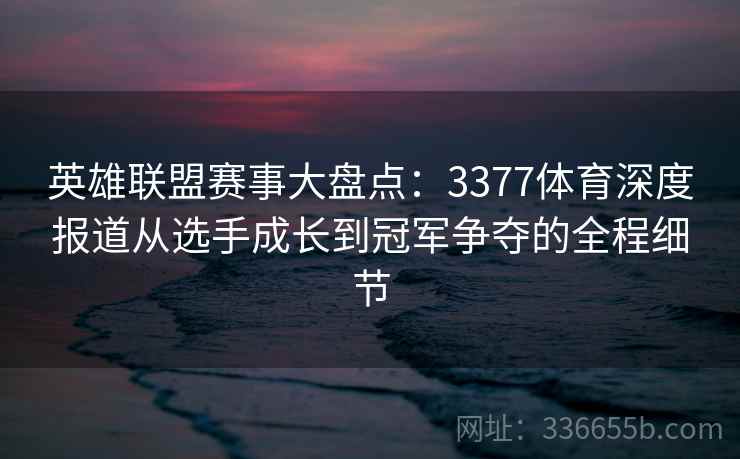 英雄联盟赛事大盘点：3377体育深度报道从选手成长到冠军争夺的全程细节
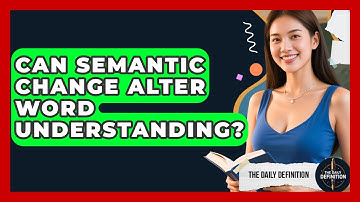 Can Semantic Change Alter Word Understanding? - The Daily Definition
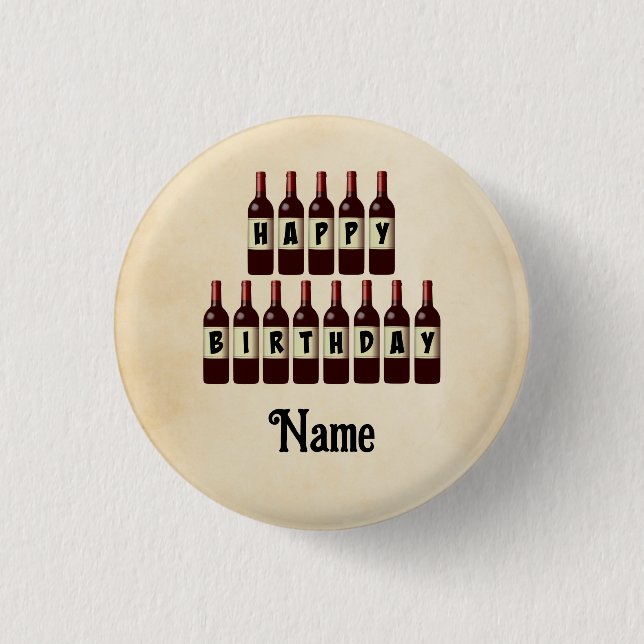 Happy Birthday Red Wine Flaschen individuell angep Button (Vorderseite)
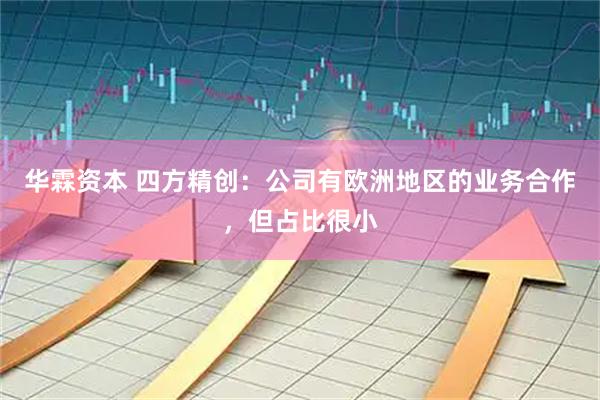 华霖资本 四方精创：公司有欧洲地区的业务合作，但占比很小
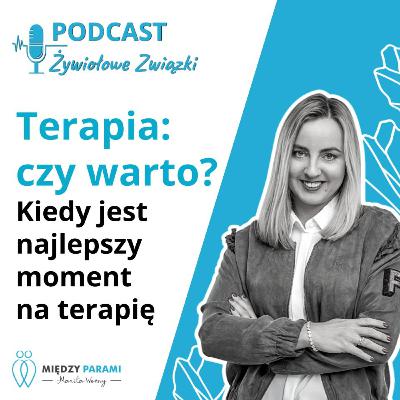 Terapia: czy warto? Kiedy jest najlepszy moment na terapię Terapia: czy warto? Kiedy jest najlepszy moment na terapię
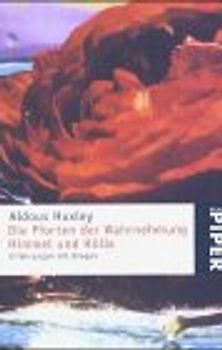 Die Pforten der Wahrnehmung - Himmel und Hölle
◇ ◇ ◇ ◇ ◇
- _Requirement_
From the records given above, reproduce all text exactly and exclude each picture.

- _Response_
 英雄联盟赛事大盘点：3377体育深度报道从选手成长到冠军争夺的全程细节
 Can Semantic Change Alter Word Understanding? - The Daily Definition
 Happy Birthday Red Wine Flaschen individuell angep Button (Vorderseite)
 华霖资本 四方精创：公司有欧洲地区的业务合作，但占比很小
 Terapia: czy warto? Kiedy jest najlepszy moment na terapię Terapia: czy warto? Kiedy jest najlepszy moment na terapię
 Die Pforten der Wahrnehmung - Himmel und Hölle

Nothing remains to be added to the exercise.